- [Problem to solve]
Your answer must be the exact lines of the listing below that run from the line with "Used 2024 Blue Honda EX-L image 6" to the line with "Burleigh Waters QLD 4220", ends included, and no pictures.

- [Data extracts]
-- Opening Marker --

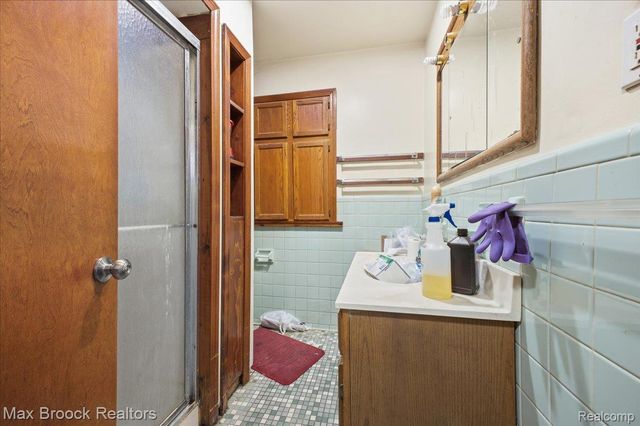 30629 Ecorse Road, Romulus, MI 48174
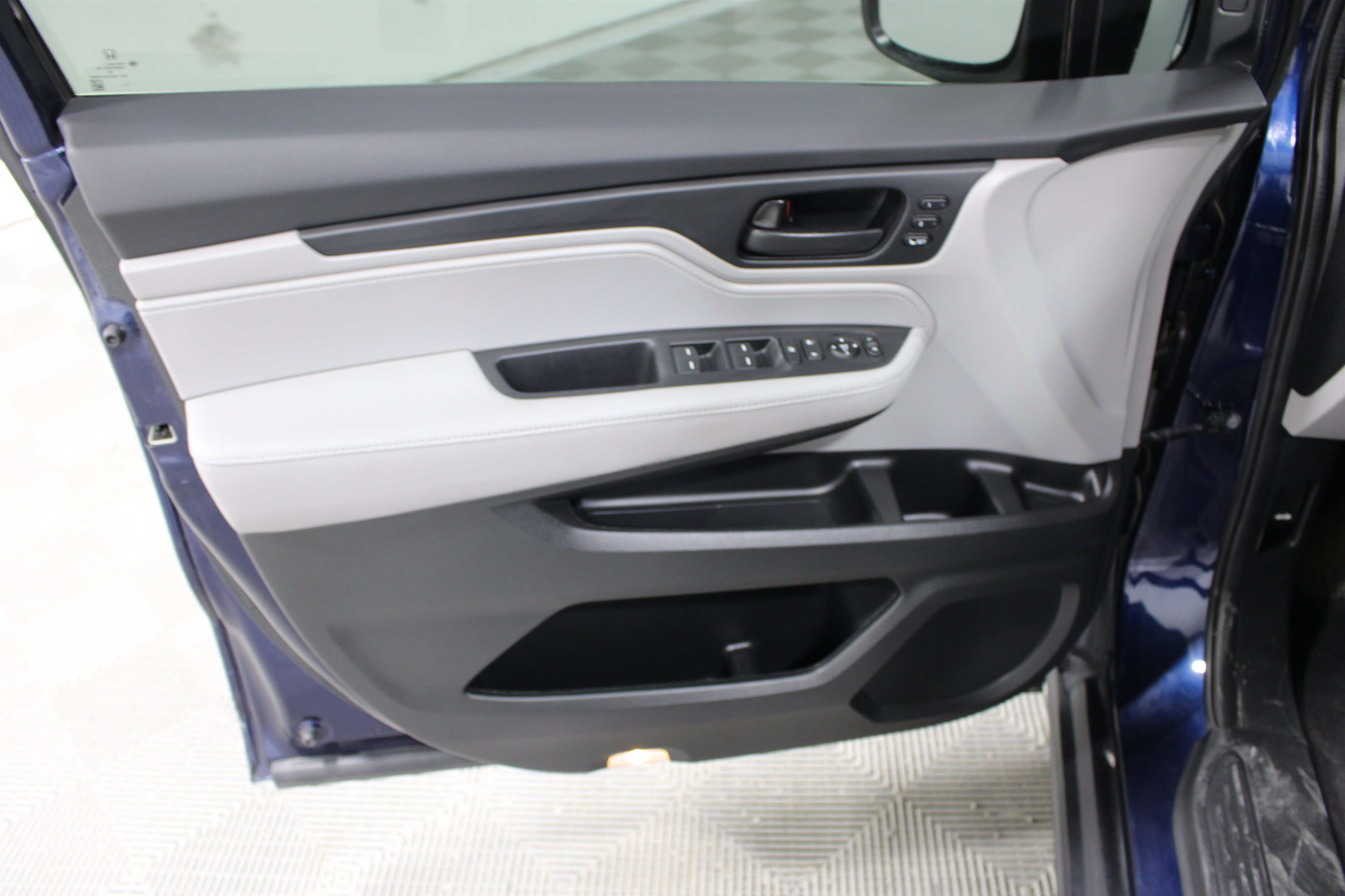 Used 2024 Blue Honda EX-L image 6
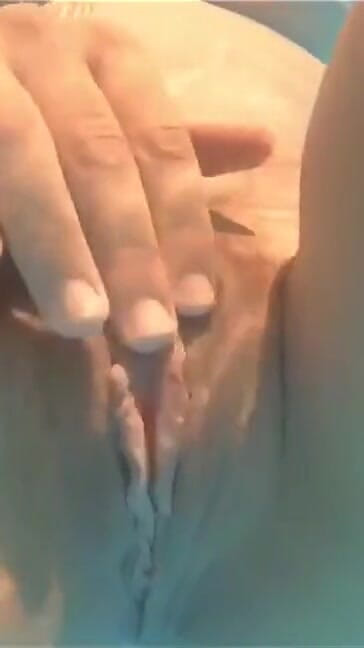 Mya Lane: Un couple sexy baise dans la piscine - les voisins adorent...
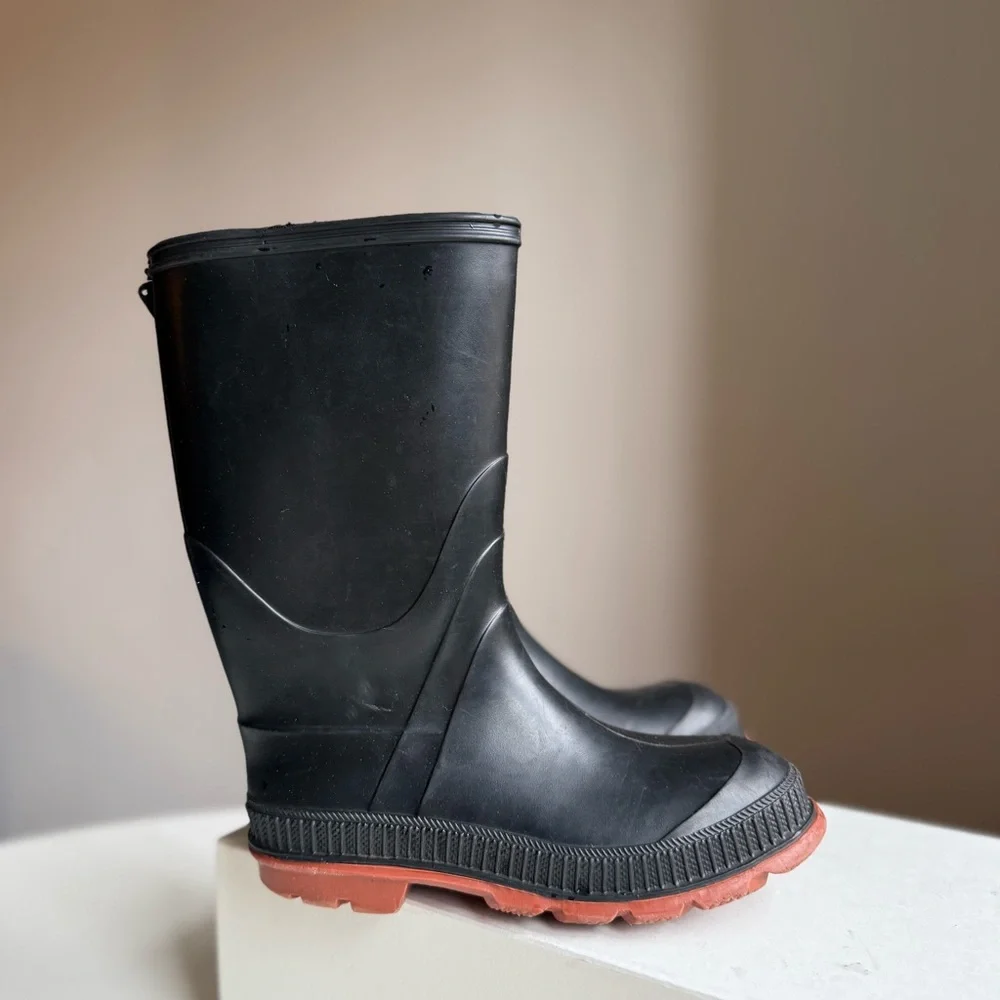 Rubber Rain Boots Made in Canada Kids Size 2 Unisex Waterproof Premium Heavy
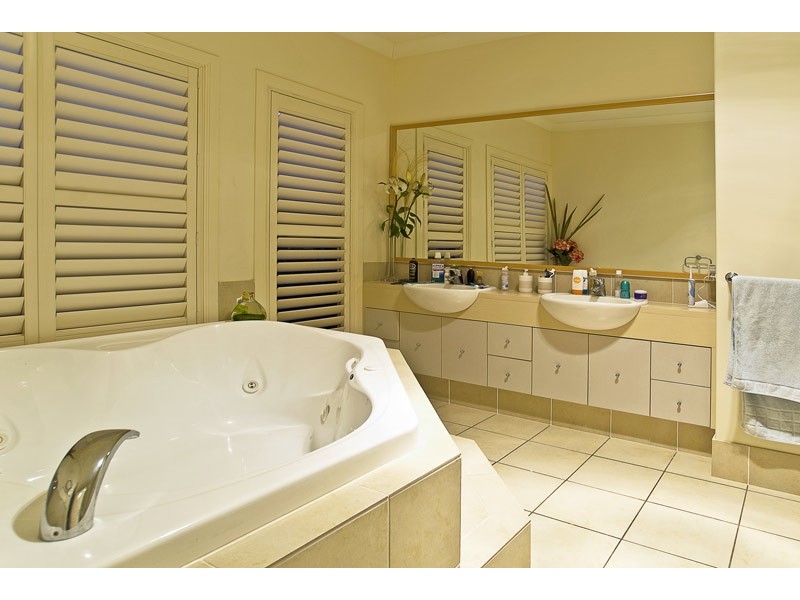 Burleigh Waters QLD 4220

-- Closing Marker --
-- Opening Marker --

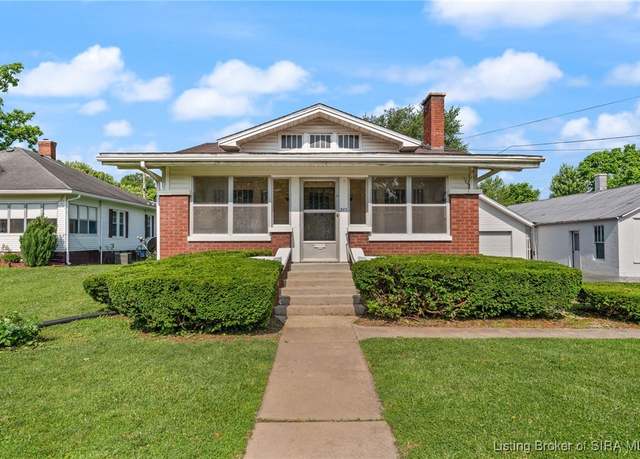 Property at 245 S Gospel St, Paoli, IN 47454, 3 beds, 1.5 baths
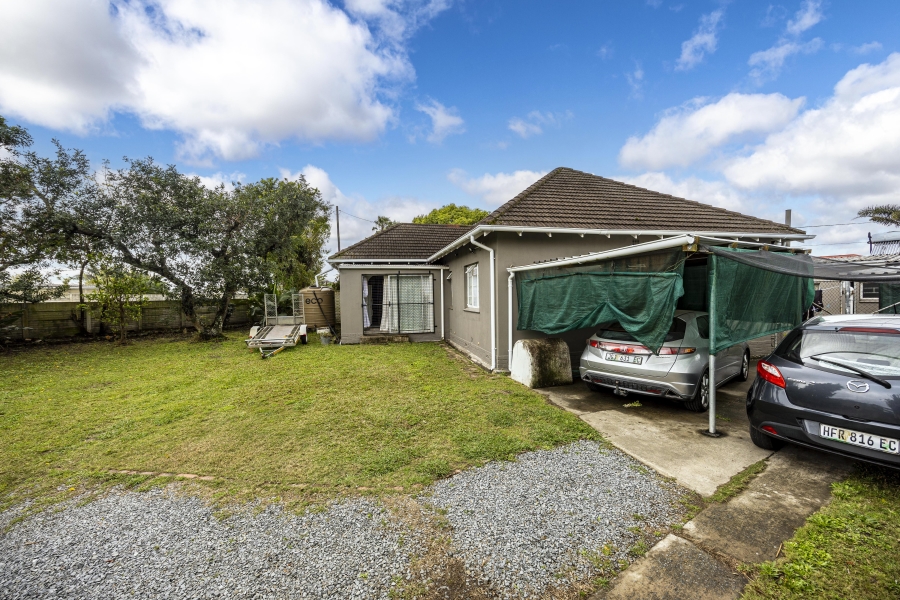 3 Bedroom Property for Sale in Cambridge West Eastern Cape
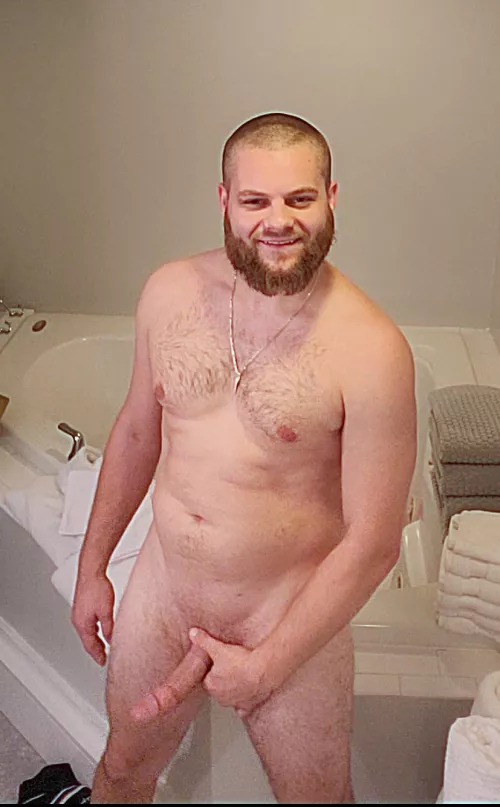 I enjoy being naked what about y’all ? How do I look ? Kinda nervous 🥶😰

-- Closing Marker --

- [Output of the exercise]
 Used 2024 Blue Honda EX-L image 6
 Mya Lane: Un couple sexy baise dans la piscine - les voisins adorent...
 Rubber Rain Boots Made in Canada Kids Size 2 Unisex Waterproof Premium Heavy
 Burleigh Waters QLD 4220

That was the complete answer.